(Dataset records)
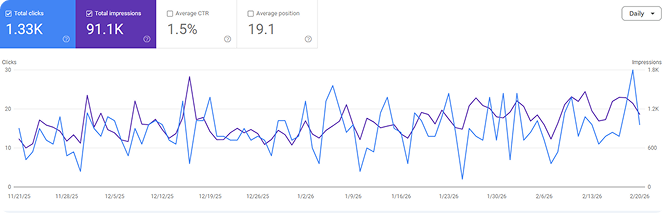 90-Day Organic Growth Surge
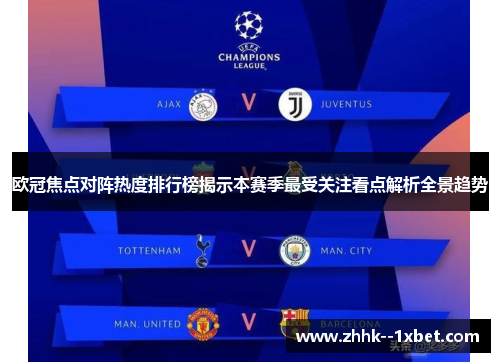 欧冠焦点对阵热度排行榜揭示本赛季最受关注看点解析全景趋势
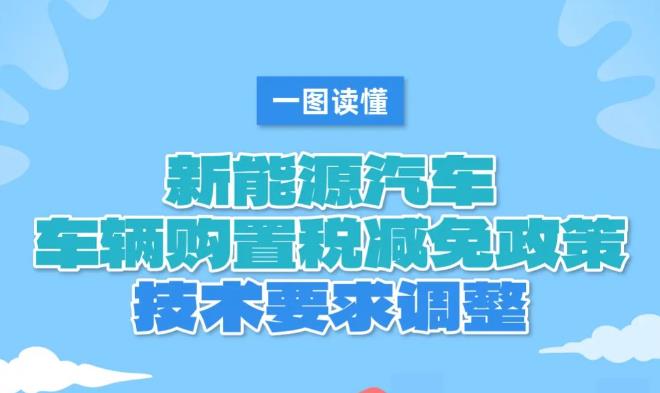 五问＋一图，读懂《关于调整减免车辆购置税新能源汽车产品技术要求的公告》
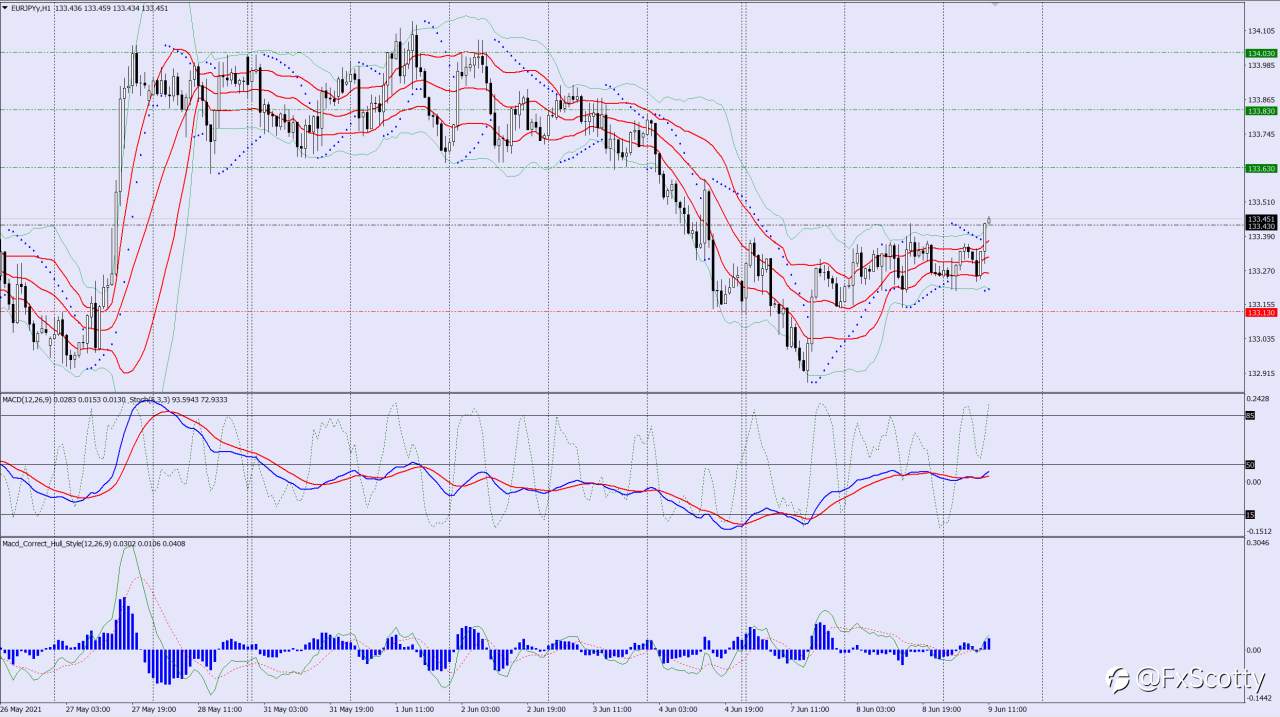 EURJPY buy trade idea 09 06 2021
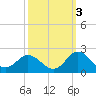 Morehead City tide chart for Sunday, October 3, 2021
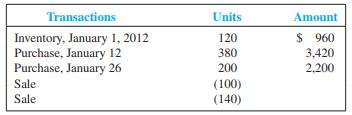 At the end of January 2012, the records of NewRidge Company showed the following for a particular item that sold at $16 per unit:


Required:
 1. Assuming the use of a periodic inventory system, prepare a summarized income statement through gross profit for January 2012 under each method of inventory: 
(a) weighted average cost, 
(b) FIFO, 
(c) LIFO, and 
(d) specific identification. For specific identification, assume that the first sale was selected from the beginning inventory and the second sale was selected from the January 12 purchase. Show the inventory computations (including for ending inventory) in detail.
 2. Of FIFO and LIFO, which method would result in the higher pretax income? Which would result in the higher EPS?
 3. Of FIFO and LIFO, which method would result in the lower income tax expense? Explain, assuming a 30 percent average tax rate.
 4. Of FIFO and LIFO, which method would produce the more favorable cash flow? Explain.

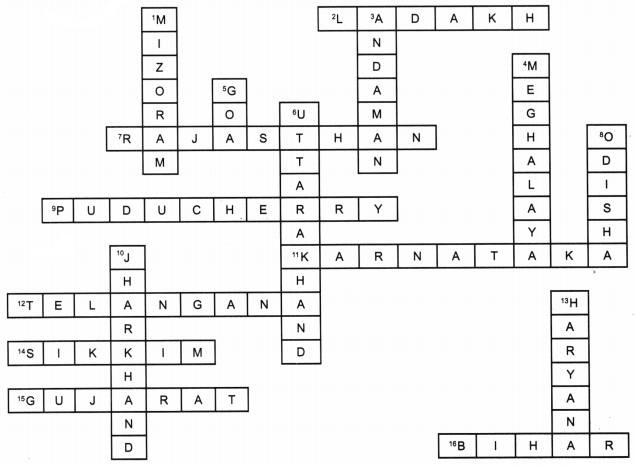 North South East West Diagram 10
(End Dataset records)
### To do:
So that the copy stays exact, reproduce each record word for word and leave its images out.

### Answer area:
 90-Day Organic Growth Surge
 欧冠焦点对阵热度排行榜揭示本赛季最受关注看点解析全景趋势
 五问＋一图，读懂《关于调整减免车辆购置税新能源汽车产品技术要求的公告》
 EURJPY buy trade idea 09 06 2021
 Morehead City tide chart for Sunday, October 3, 2021
 At the end of January 2012, the records of NewRidge Company showed the following for a particular item that sold at $16 per unit:


Required:
 1. Assuming the use of a periodic inventory system, prepare a summarized income statement through gross profit for January 2012 under each method of inventory: 
(a) weighted average cost, 
(b) FIFO, 
(c) LIFO, and 
(d) specific identification. For specific identification, assume that the first sale was selected from the beginning inventory and the second sale was selected from the January 12 purchase. Show the inventory computations (including for ending inventory) in detail.
 2. Of FIFO and LIFO, which method would result in the higher pretax income? Which would result in the higher EPS?
 3. Of FIFO and LIFO, which method would result in the lower income tax expense? Explain, assuming a 30 percent average tax rate.
 4. Of FIFO and LIFO, which method would produce the more favorable cash flow? Explain.

 North South East West Diagram 10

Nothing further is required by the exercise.